Task description →
Copy out the entries below exactly as they stand, but only from the line containing "a living room" through the line containing "A woman in a".

Record set →
--- START ---

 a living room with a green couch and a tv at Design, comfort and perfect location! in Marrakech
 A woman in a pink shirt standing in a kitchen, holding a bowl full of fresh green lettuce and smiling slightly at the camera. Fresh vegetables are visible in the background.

--- END ---
--- START ---

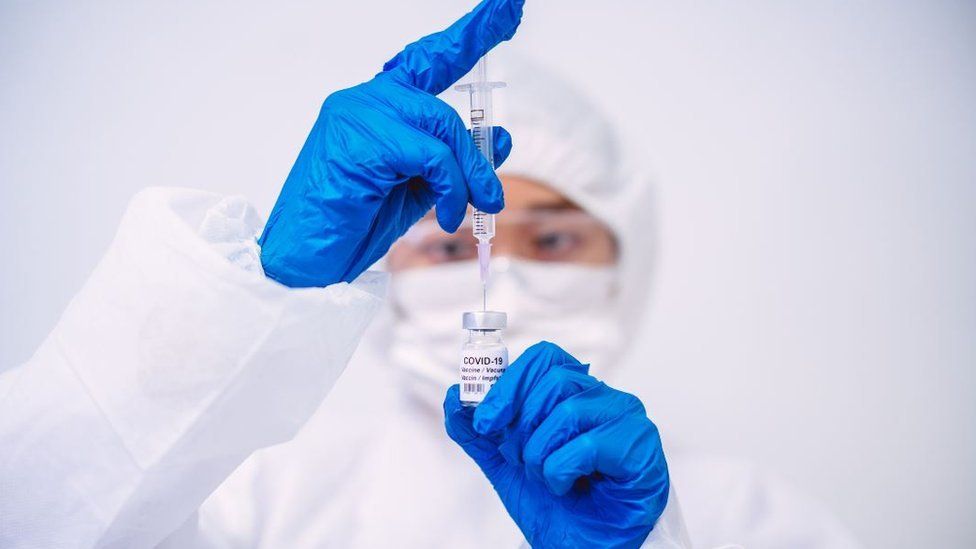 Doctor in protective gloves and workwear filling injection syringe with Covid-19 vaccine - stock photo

--- END ---

Solution →
 a living room with a green couch and a tv at Design, comfort and perfect location! in Marrakech
 A woman in a pink shirt standing in a kitchen, holding a bowl full of fresh green lettuce and smiling slightly at the camera. Fresh vegetables are visible in the background.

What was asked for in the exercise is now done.